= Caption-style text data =

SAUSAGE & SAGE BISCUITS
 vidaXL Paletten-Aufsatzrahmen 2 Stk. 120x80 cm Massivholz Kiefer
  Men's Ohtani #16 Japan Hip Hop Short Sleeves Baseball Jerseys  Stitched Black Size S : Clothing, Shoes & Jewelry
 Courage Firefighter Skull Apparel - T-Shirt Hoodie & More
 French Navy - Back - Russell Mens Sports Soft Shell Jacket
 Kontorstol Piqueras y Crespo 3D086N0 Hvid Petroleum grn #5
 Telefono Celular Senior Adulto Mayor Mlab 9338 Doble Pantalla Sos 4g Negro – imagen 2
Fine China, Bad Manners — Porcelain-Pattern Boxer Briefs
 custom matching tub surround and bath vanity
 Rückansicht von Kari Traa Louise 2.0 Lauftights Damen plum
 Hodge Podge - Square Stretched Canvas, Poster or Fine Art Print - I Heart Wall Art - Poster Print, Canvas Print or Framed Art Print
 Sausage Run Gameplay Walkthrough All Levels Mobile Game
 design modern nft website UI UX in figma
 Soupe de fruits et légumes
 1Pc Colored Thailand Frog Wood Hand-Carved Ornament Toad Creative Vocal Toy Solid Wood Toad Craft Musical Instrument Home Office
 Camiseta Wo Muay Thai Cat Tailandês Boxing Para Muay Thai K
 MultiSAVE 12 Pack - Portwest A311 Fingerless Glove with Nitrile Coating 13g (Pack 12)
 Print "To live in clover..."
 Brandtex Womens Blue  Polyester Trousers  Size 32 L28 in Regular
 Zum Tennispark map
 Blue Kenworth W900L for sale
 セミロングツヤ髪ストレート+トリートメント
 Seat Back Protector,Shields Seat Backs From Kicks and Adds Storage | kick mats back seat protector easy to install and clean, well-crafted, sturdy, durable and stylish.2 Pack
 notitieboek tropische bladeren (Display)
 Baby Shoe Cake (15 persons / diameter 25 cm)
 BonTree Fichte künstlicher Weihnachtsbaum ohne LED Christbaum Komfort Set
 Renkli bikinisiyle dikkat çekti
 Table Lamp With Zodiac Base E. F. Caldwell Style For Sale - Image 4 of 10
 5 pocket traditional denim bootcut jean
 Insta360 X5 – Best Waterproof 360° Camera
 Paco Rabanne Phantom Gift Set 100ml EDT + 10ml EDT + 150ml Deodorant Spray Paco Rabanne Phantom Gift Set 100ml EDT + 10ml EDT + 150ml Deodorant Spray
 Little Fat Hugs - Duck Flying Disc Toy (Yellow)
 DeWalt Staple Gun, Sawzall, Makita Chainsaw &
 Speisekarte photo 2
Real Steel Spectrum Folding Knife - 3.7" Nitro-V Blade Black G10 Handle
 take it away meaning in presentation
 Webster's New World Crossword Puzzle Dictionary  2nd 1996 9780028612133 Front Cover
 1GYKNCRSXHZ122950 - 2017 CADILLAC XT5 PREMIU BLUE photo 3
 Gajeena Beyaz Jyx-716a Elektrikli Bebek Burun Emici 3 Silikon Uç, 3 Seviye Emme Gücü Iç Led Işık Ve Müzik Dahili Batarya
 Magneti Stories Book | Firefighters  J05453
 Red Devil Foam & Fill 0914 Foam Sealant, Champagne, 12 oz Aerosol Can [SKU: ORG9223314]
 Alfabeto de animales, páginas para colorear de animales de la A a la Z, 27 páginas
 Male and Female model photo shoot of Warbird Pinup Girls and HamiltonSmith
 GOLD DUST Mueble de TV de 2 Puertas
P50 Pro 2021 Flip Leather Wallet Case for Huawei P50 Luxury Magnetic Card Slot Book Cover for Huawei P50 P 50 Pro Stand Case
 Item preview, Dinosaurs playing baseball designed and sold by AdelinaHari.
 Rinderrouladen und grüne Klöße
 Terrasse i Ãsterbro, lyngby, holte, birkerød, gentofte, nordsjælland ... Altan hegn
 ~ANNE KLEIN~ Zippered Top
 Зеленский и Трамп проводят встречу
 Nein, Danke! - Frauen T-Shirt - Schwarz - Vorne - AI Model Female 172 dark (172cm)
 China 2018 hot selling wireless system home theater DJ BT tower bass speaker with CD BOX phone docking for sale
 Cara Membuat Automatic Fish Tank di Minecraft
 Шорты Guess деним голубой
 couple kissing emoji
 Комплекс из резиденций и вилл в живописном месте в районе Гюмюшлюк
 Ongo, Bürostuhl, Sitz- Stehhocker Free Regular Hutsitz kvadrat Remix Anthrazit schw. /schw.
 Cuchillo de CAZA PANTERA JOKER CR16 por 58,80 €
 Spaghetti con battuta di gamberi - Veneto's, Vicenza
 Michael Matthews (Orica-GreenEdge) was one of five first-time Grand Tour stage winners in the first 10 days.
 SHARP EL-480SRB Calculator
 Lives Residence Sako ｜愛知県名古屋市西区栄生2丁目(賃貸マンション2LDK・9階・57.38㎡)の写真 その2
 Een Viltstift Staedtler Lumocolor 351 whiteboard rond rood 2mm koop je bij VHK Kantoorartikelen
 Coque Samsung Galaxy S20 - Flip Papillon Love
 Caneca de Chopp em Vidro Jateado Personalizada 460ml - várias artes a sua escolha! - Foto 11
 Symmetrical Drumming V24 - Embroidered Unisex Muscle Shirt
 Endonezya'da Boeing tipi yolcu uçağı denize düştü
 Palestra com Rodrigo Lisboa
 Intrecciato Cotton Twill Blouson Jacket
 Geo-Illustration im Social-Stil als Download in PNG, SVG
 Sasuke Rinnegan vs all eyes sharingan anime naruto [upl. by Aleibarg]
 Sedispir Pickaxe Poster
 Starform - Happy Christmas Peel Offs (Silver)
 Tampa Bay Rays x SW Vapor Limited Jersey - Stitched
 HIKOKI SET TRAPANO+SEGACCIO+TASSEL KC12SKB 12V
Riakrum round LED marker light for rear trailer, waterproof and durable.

= YOUR INSTRUCTIONS =
Give back, word for word, only the lines above from the line holding "DeWalt Staple Gun, Sawzall, Makita" to the line holding "Rinderrouladen und grüne Klöße", both included.

= OUTPUT FOR THIS EXERCISE =
 DeWalt Staple Gun, Sawzall, Makita Chainsaw &
 Speisekarte photo 2
Real Steel Spectrum Folding Knife - 3.7" Nitro-V Blade Black G10 Handle
 take it away meaning in presentation
 Webster's New World Crossword Puzzle Dictionary  2nd 1996 9780028612133 Front Cover
 1GYKNCRSXHZ122950 - 2017 CADILLAC XT5 PREMIU BLUE photo 3
 Gajeena Beyaz Jyx-716a Elektrikli Bebek Burun Emici 3 Silikon Uç, 3 Seviye Emme Gücü Iç Led Işık Ve Müzik Dahili Batarya
 Magneti Stories Book | Firefighters  J05453
 Red Devil Foam & Fill 0914 Foam Sealant, Champagne, 12 oz Aerosol Can [SKU: ORG9223314]
 Alfabeto de animales, páginas para colorear de animales de la A a la Z, 27 páginas
 Male and Female model photo shoot of Warbird Pinup Girls and HamiltonSmith
 GOLD DUST Mueble de TV de 2 Puertas
P50 Pro 2021 Flip Leather Wallet Case for Huawei P50 Luxury Magnetic Card Slot Book Cover for Huawei P50 P 50 Pro Stand Case
 Item preview, Dinosaurs playing baseball designed and sold by AdelinaHari.
 Rinderrouladen und grüne Klöße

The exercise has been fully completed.